Obama’s primary function was quelling class tensions through his cult of personality. He achieved record banker bailouts while placating calls for pitchforks. The masses gratefully accepted meagre crumbs while financiers feasted, saved from accountability by their political guardian angel. In Chomsky’s eyes, Obama was a manufactured release valve to ease pressure for root and branch reform after the economy exposed its glaring cruelties.

We have something similar with the media narrative surrounding Starmer, with no questions asked. Starmer is allowed to flip flop weekly without criticism, and no one delves into his career achievements or otherwise, particularly as DPP. Jimmy Savile? Get over it!

Knaggs says:

What receives less scrutiny is the meticulous orchestration surrounding Corbyn’s successor, Sir Keir Starmer. The establishment press provides fawning coverage, granting their darling levels of puffery beyond even Boris Johnson’s cult of personality. Starmer has become the system’s Manchurian candidate

Starmer increasingly resembles a David Cameron tribute act, devoid of conviction politics or concrete vision. His new working class posturing follows years of loyalty serving institutional powers deeply invested in preventing fundamental change.

For an establishment desperate to regain tight control, Starmer offers familiar and reassuring stewardship.
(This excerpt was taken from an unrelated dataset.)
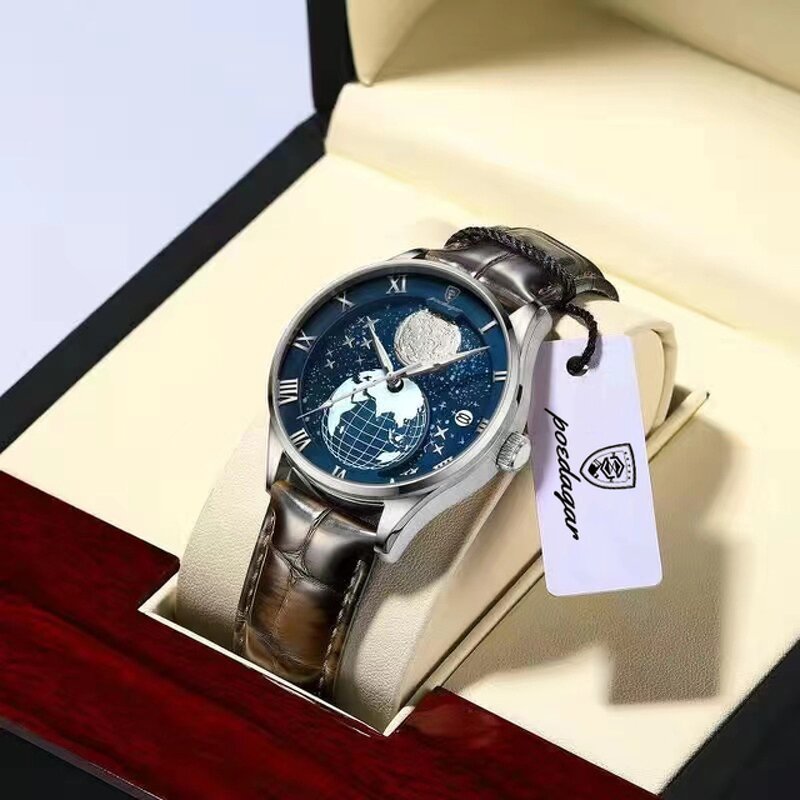 Men's Fashion Watch Manufacturer - POEDAGAR 803 Newest Hot Sale Leather Quartz Trendy Globe Dial Automatic Calendar Waterproof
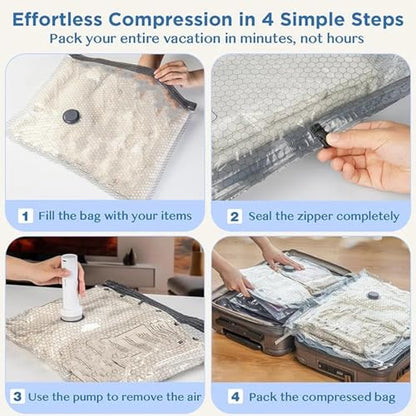 Aless Vacuum Travel Compression Bags, X7 Cordless Travel Vacuum Bag Set, VacuumS Seal Bags for Clothing Travels, Vacuum Bags for Travels with Rechargeable Air Pump, Space Saver for Clothes(15pcs)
But his links and records invite scepticism from those seeking transformative left agendas …

When examining Starmer’s personal history, a stark disparity emerges between truth and reality. It feels off-sync, contrived, resembling the plot of the Manchurian Candidate. One must question the extent to which the establishment is determined to prop him up.

Why, indeed, does a mediocre politician like Starmer, whose stagecraft resembles that of a man impersonating Rumpole of the Bailey, garner unwavering support from the establishment? And why is the media so firmly in his corner? Each time he delivers a major speech, we are left questioning the authenticity of his words, as they resemble nothing more than empty closing statements devoid of genuine conviction. After all, his promises and pledges hold as much substance as a bucket riddled with holes, then again, why should he even believe what he says? As things are going he will see office not on merit but simply because the Tories are so bad we have no other choice.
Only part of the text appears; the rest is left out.